Not where you want to be in 2011. A strengthening USD and over-inflated prices for most commodities means that 2011 will be a bad year for commodities bulls. Those likely to suffer the most include iron ore, coal (floods in Queensland notwithstanding), gold, silver and copper. Foreign investors in USD-denominated commodities should be considering an exit strategy. The only possible saviour for commodities would be China, which brings us to…
2011 is the Chinese Year of the Rabbit. Although rabbits are lucky in Chinese mythology, the Year of the Rabbit is also a year…
…in which you can catch your breath and calm your nerves. It is a time for negotiation. Don’t try to force issues, because if you do you will ultimately fail.

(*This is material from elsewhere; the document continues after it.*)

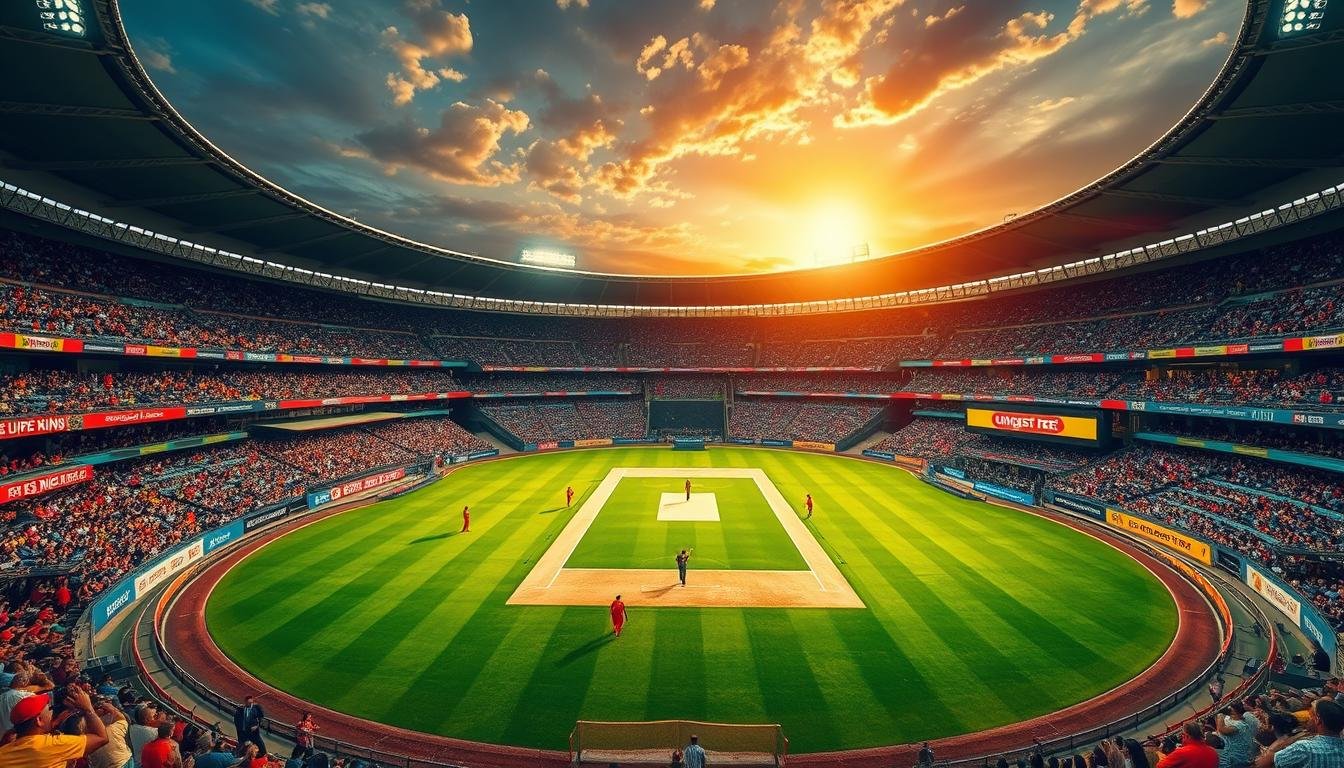 csk vs mi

Perhaps a message for Chinese policymakers? Regardless, expect to see Chinese growth slow considerably during 2011 as inflation wreaks havoc across the Chinese economy. If you can believe the official statistics, it’s apparently possible to grow GDP at 8% per annum with inflation less than 4%. No it isn’t. There is a disconnect between soaring commodity prices and relatively benign inflation in the world’s most populous nation. Although you wouldn’t necessarily expect a very close correlation, consider the following:
– China’s inflation rate for the 11 months to November 2010 was 3.2% (although December’s figures was 5.8% annualised)
– during 2010 copper increased 29%, nickel 30%, Australian thermal coal 30%, iron ore 80% and tin 70%
– annual food inflation to October 2010 was 10.10%
Once you throw the rapid increase in property prices into the mix, primarily on the back of easy credit to the many LGFV’s, it seems clear that China’s economy is overheating. Raising credit provision limits helps around the edges, but interest rate increases will have to come soon (Chinese interest rates increased on only two occasions during 2010). A slowdown in economic growth will impact commodities directly, with the secondary victims being resource-rich nations such as Canada and Australia.

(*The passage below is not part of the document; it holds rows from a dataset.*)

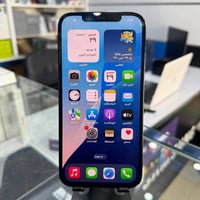 ايفون 12 برو ماكس • ذاكره ٢٥٦ • بطاريه ٧٤٪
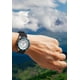 thumbnail image 2 of Reloj K5857/1 Calypso Blanco Hombre Sweet Time, 2 of 3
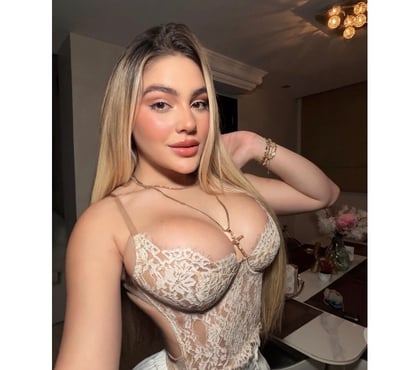  Escorts Sutton Town Centre Sutton - Photos for MIA BRAZILIAN 🇧🇷 THE BEST GFE 🍑NEW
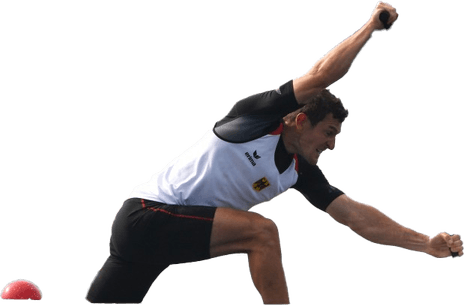 Sebastian Brendel PNG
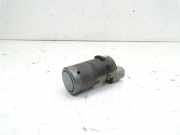 Sensor, PDC Einparkhilfe Vorne BMW 7 (E65, E66, E67) 735I 200 KW 6906446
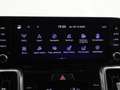 Kia Sorento 1.6 T-GDI Plug-in Hybrid 4WD ExecutiveLine 7p. | T Noir - thumbnail 19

No easy quick solutions for Europe unfortunately. Expect Portugal and Spain to fall to the bond-market vigilantes, with Italy looking wobbly. The EU will be forced to significantly increase the size of the stability fund and draft some very quick legislation regarding an eventual fiscal integration. The other option, of course, is that Germany simply forces the perennial defaulters out of the euro, though this is unlikely. As we have discussed before, Europe really only has three options open to it, for a reminder see here
Bonds have had their day in the sun and the end of the rally is nigh. While interest rates will remain relatively low, improved signs of economic growth in the US will spark a bond market rout. Favour equities over bonds.
As mentioned, the USD will perform well, while the euro will remain weak on the back of continued concerns over the long-term future of the euro. Commodity-rich nations such as Australia, South Africa and Canada can expect falls of around 15 to 20 % in the value of their currency relative to the USD. China may well allow the yuan to revalue upwards again, though not by much (again).

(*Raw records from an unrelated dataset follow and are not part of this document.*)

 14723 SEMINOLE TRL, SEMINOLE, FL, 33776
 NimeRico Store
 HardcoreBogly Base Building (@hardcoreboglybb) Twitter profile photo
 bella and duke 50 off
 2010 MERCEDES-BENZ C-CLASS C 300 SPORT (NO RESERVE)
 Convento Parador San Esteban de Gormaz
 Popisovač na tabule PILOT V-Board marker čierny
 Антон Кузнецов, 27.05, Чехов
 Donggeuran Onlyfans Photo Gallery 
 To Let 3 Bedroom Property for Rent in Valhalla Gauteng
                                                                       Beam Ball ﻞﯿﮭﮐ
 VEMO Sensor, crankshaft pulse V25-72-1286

After a relatively soft year for equities in 2010, 2011 should see further gains in most markets. The third-year after a market crash is usually the most important, as a generalisation. Year one is a sharp recovery, year two is generally flat/stable, while year three builds upon gains made in the first year. Regional and country-specific factors will play a role though: the Dow should perform well, EU indices will be mostly down while emerging markets while again lead gains. Resource heavy indices such as Australia and Canada and others will be weak.
Naturally most of the above will probably be hopelessly incorrect, but that’s what you get for trying to predict the future.